Direktur Reserse Perempuan, Anak, dan Pidana Perdagangan Orang (PPA-PPO) Polda Metro Jaya Kombes Pol Rita Wulandari mengatakan para tersangka diduga memengaruhi dan memprovokasi anak-anak agar ikut dalam kegiatan aksi.
“Jadi, mereka mempengaruhi, memprovokasi anak-anak untuk dilibatkan dalam kegiatan aksi unjuk rasa dengan iming-iming sejumlah uang,” kata Rita dalam konferensi pers di Jakarta, Sabtu (12/9/2026).
Berdasarkan penelusuran penyidik dan bukti transfer yang ditemukan, B diduga merekrut 53 anak dengan janji bayaran Rp55 ribu untuk setiap anak.
Sementara itu, tersangka N yang merupakan perempuan diduga mengumpulkan 22 anak dengan iming-iming Rp50 ribu per anak. Adapun P diduga merekrut delapan anak dengan bayaran Rp40 ribu untuk masing-masing anak.
Polisi menemukan dugaan keuntungan yang diterima ketiga tersangka dari transaksi tersebut. B tercatat memperoleh sekitar Rp2,35 juta, N Rp842.500, sedangkan P sekitar Rp250 ribu.
Dengan demikian, total keuntungan yang telah teridentifikasi dari bukti transfer mencapai Rp3.442.500 atau sekitar Rp3,4 juta.
Rita menegaskan penyidik belum berhenti pada bukti transaksi yang telah ditemukan. Polisi masih menelusuri sejumlah transaksi lain yang diduga berkaitan dengan perekrutan anak-anak tersebut.
“Nah, sementara ada beberapa hal yang memang kami perlu dalami, bahwa dari transaksi tersebut ada kegiatan-kegiatan transaksi yang lain yang perlu pembuktian lebih lanjut,” ujar Rita.

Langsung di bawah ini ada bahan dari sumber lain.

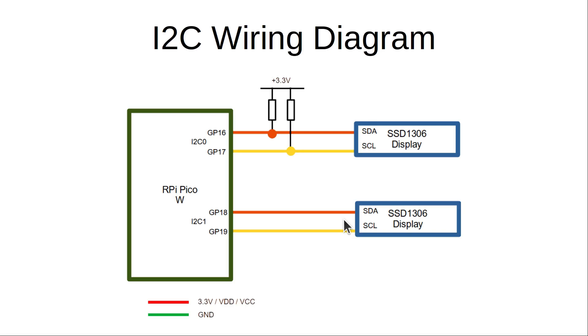If you want to use longer wires between the Pico and the displays, you may want to add some external pull-up resistors. If you do, remember to only connect these to a 3.3 volt power supply — connecting them to a 5 volt supply could damage the Pico.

Ketiga tersangka saat ini telah ditahan. Penyidik masih mendalami peran masing-masing serta kemungkinan adanya transaksi lain yang berkaitan dengan perekrutan tersebut.
Jeratan Hukum
Polisi menjerat ketiga tersangka dengan Pasal 76H juncto Pasal 87 Undang-Undang Nomor 35 Tahun 2014 tentang Perlindungan Anak. Pasal 76H melarang setiap orang merekrut atau memperalat anak untuk kepentingan militer dan/atau lainnya serta membiarkan anak tanpa perlindungan jiwa.
Pelanggaran terhadap ketentuan tersebut dapat dikenai pidana penjara paling lama lima tahun dan/atau denda paling banyak Rp100 juta.
Selain itu, penyidik juga menerapkan Pasal 76I juncto Pasal 88 UU Perlindungan Anak terkait dugaan eksploitasi ekonomi terhadap anak. Ketentuan tersebut mengatur ancaman pidana penjara paling lama 10 tahun dan/atau denda paling banyak Rp200 juta.
Kasus ini masih dalam proses pendalaman oleh Polda Metro Jaya, terutama untuk mengungkap aliran transaksi lain dan memastikan seluruh pihak yang terlibat dalam dugaan perekrutan anak tersebut.